Pour la première fois de mémoire de syndicaliste, un premier mai se déroule avec, il faut bien le dire, une absence quasi totale des syndicats, réduits à un rôle de spectateurs d’un spectacle qui les dépassait totalement. Un secrétaire général de la CGT dans l’impossibilité de tenir une conférence de presse et ensuite exfiltré du cortège, des syndicats comme la FSU, et même le parti communiste, qui renoncent à participer à la manifestation, ce sont là des symboles forts qui devraient amener les responsables de la gauche syndicale, et de la gauche tout court, à réfléchir à la stratégie (ou à l’absence de stratégie) qu’ils ont adoptée vis-à-vis du mouvement des « gilets jaunes » et des violences urbaines récurrentes depuis plusieurs mois.
En prônant une « convergence des luttes » la CGT et l’ultra gauche ont tenté désespérément de capter à leur profit un mouvement qui leur paraissait à même de relancer une dynamique syndicale et politique en perte de vitesse. L’expérience des trois mois passés aurait dû les mettre en garde contre une telle illusion, tant les motivations, les revendications, et les méthodes d’action des uns et des autres sont incohérentes ou incompatibles. Le rejet virulent des organisations syndicales et politiques exprimé de manière constante par les « gilets jaunes » et leurs prolongements radicaux était un autre signal clair qu’il était non seulement illusoire, mais dangereux, de chercher à s’agréger à un mouvement dont la seule raison d’être est désormais l’action violente anarchisante revendiquée, dans le refus de tout dialogue.

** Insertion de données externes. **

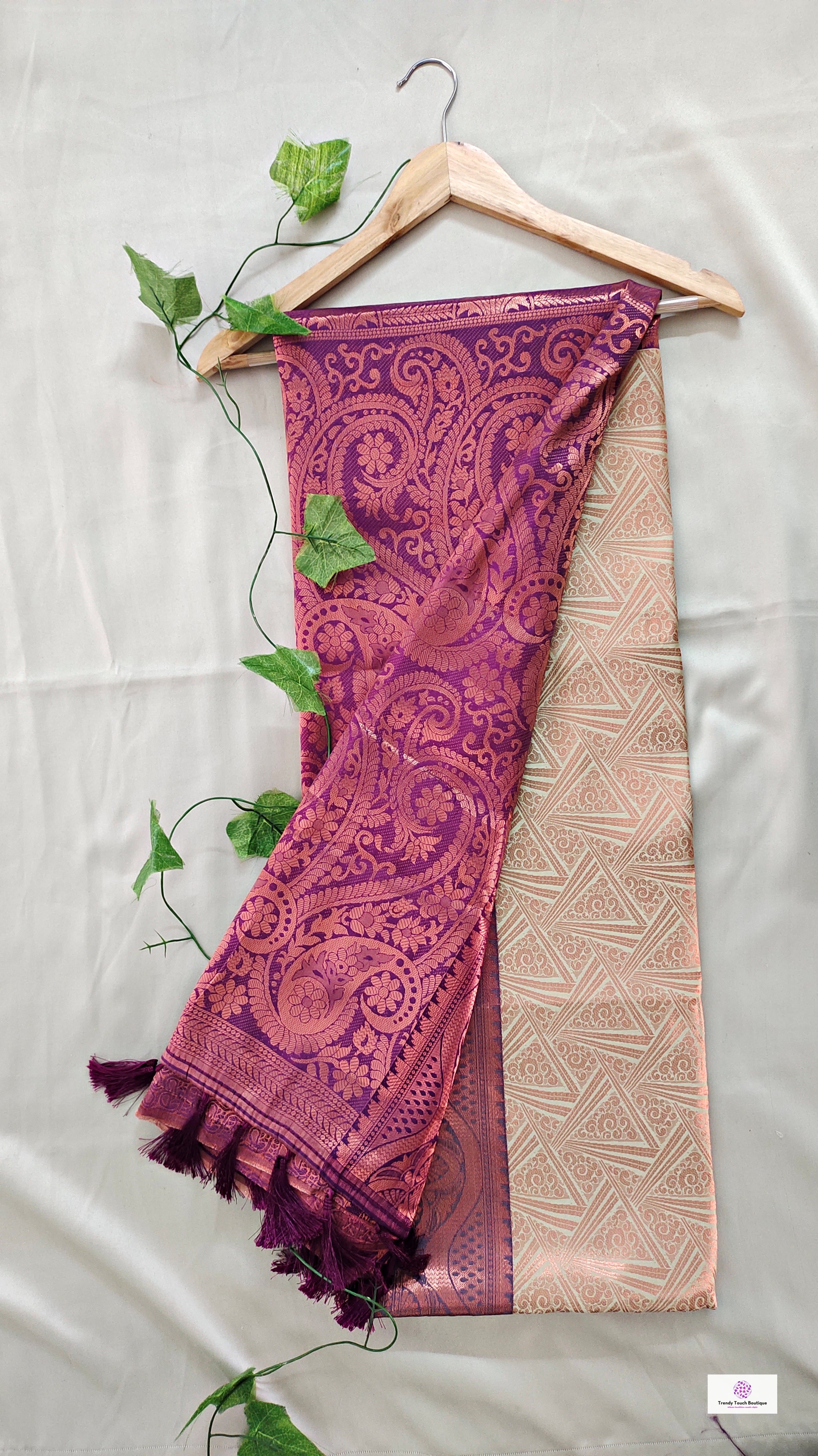 Anjali - Semi Pattu Silk Saree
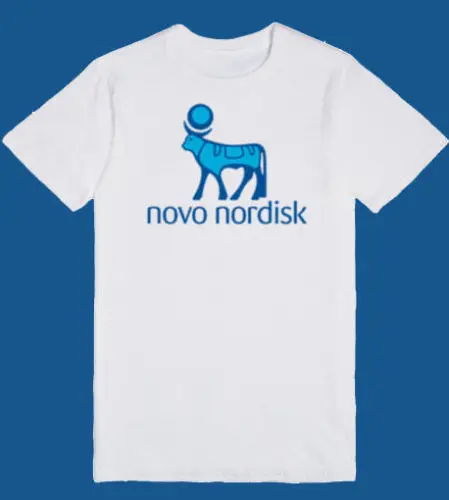 

NOVO NORDISK Pharmaceutical Drug Company T-shirt Man Tee Tops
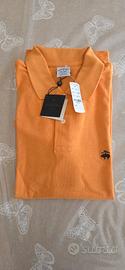 Polo Brooks Brothers taglia M arancione nuova 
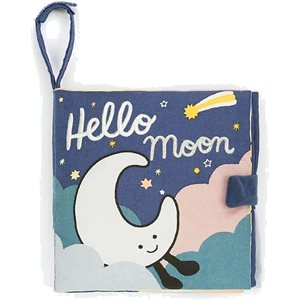 Hello Moon Fabric Book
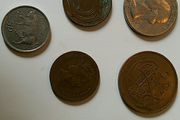 Selection of coins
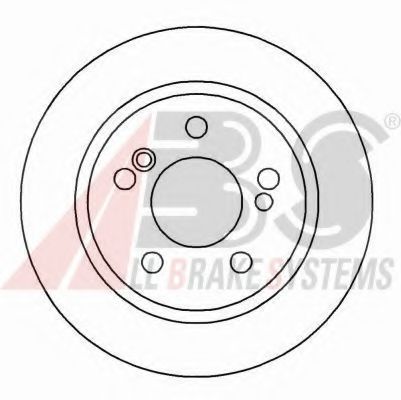 Imagine Disc frana A.B.S. 16108 OE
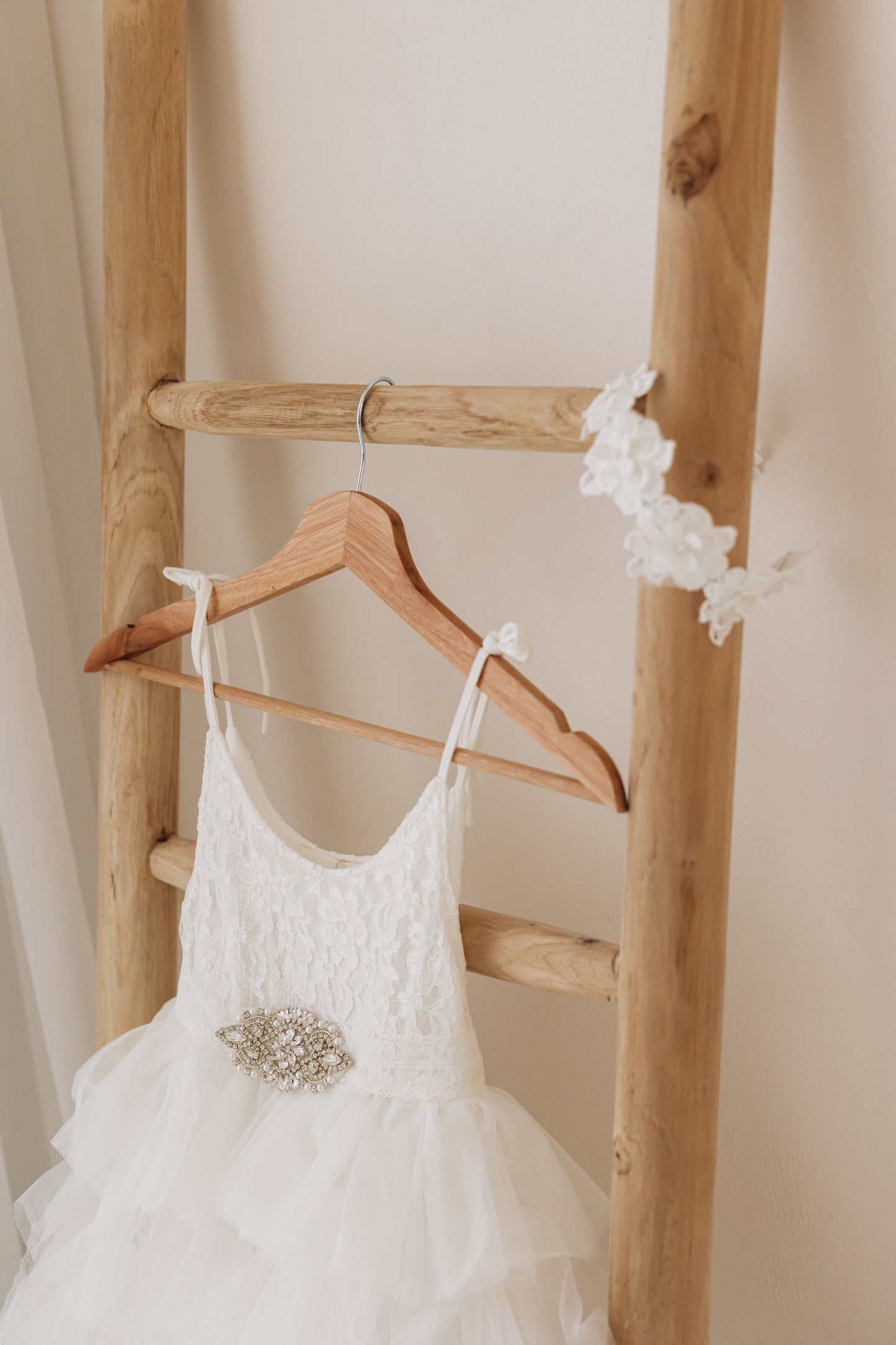 Riri Dress, White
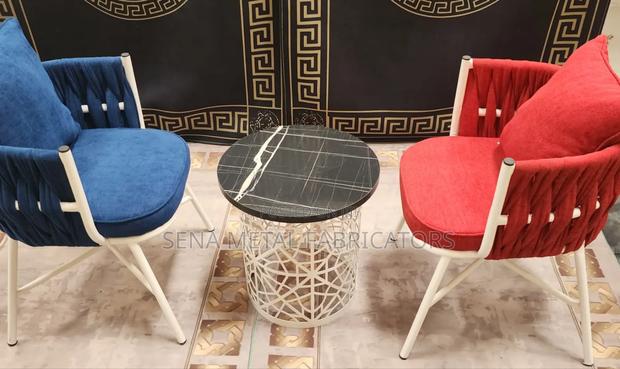 Unique Coffee Tables With Powder-Coating Finish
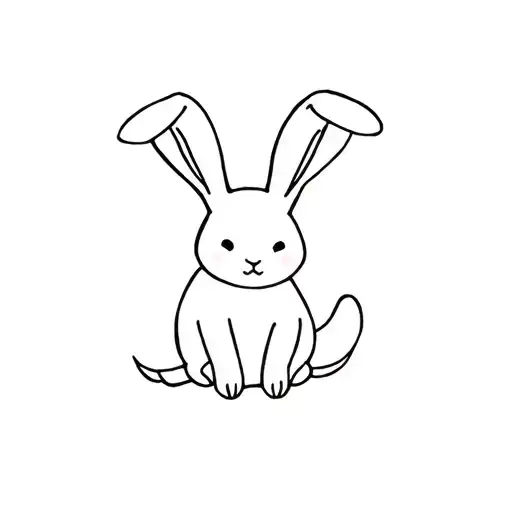 Bunny Tattoo Mini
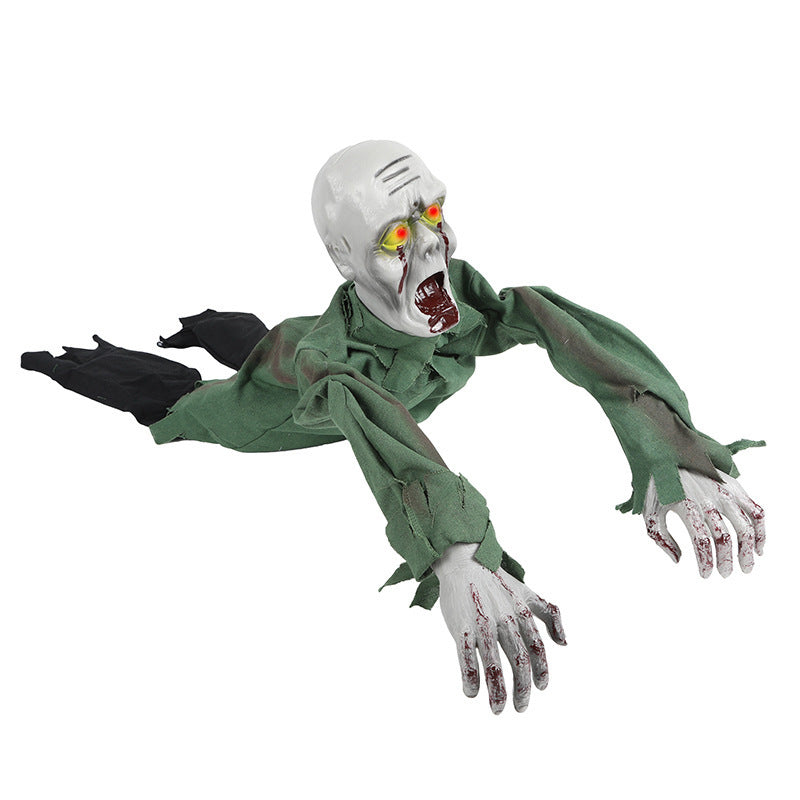Voice Control Crawling Ghost Halloween Prop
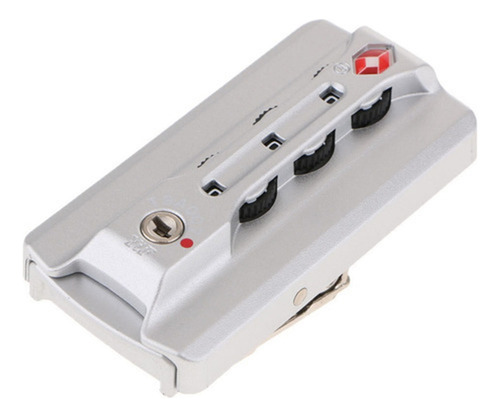 A Tsa Maletines De Aluminio For Equipaje Candado De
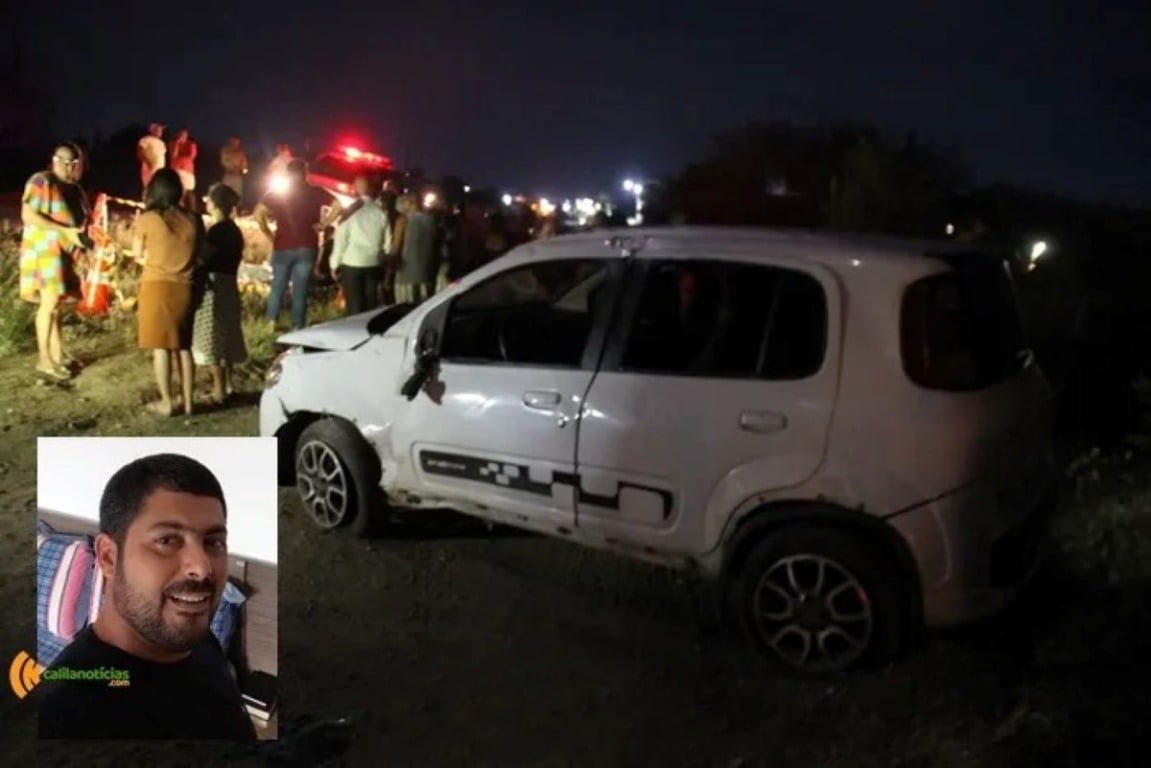 Acidente em Retirolândia; vítima foi identificada como João Rico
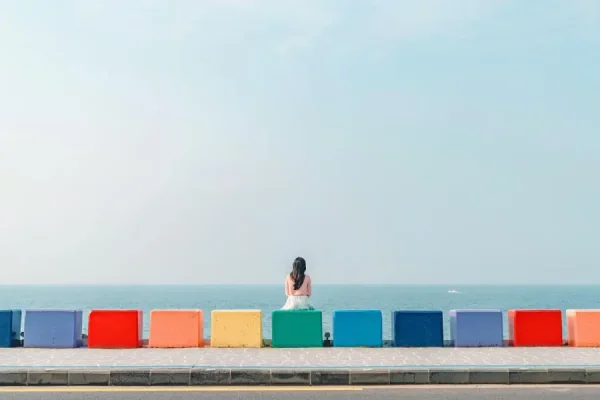 Con đường cầu vồng ven biển Dodu Rainbow Coastal Road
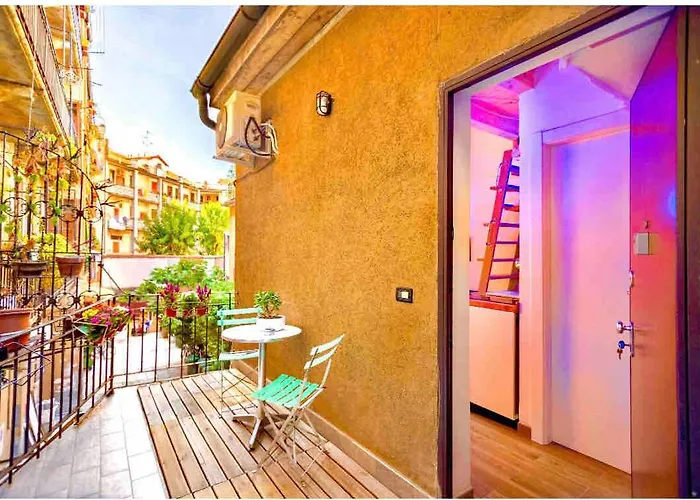 Aria Condizionata, Loft A 13\' Dal Duomo Con Ampio Balcone Wifi E Netflix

La CFDT,ainsi que d’autres syndicats réformistes, se sont depuis le début prudemment tenus à distance de ces mouvements, mais on retrouve chez certains responsables de la CGT d’aujourd’hui et, naturellement bien plus clairement chez les dirigeants de la France Insoumise et des autres petits partis d’extrême gauche, cette vieille tentation de la stratégie du chaos, consistant à privilégier l’alliance avec les éléments contestataires les plus radicaux dans le but espéré de faire émerger les conditions d’une transformation sociale et politique de la société. Et tant pis si au passage une telle stratégie peut conduire à la ruine des institutions démocratiques et, tout simplement, à celle de la démocratie, comme l’enseigne l’expérience de l’entre-deux guerres, avec les résultats que l’on connaît. Mais il semble que certains, malgré des études en Histoire, n’aient rien appris ou tout oublié.
La France Insoumise, le parti communiste et les autres groupuscules de l’ultra gauche continueront de trouver des justifications aux violences de la rue en les opposant à de prétendues « violence sociale », « violence d’Etat » ou « violences policières ». Cette posture révolutionnaire est au cœur de leur discours et fait partie de leur fonds de commerce. Mais si la CGT, dont le seul programme semble se résumer aujourd’hui à revendiquer une augmentation du SMIC, veut redevenir audible et éviter une descente aux enfers, il lui faudra opérer un virage stratégique qu’il ne devrait pas être commode de faire comprendre et admettre par les militants les plus radicaux.
Et c’est bien là le dilemme qui se pose à son secrétaire général, ou bien continuer à courir après une illusoire convergence avec un mouvement de plus en plus radicalisé et de plus en plus minoritaire dans l’opinion, ou bien, après cette démonstration d’échec cuisant, trouver les voies et moyens de revenir en douceur dans le jeu du syndicalisme réformiste afin de regagner efficacité et crédibilité.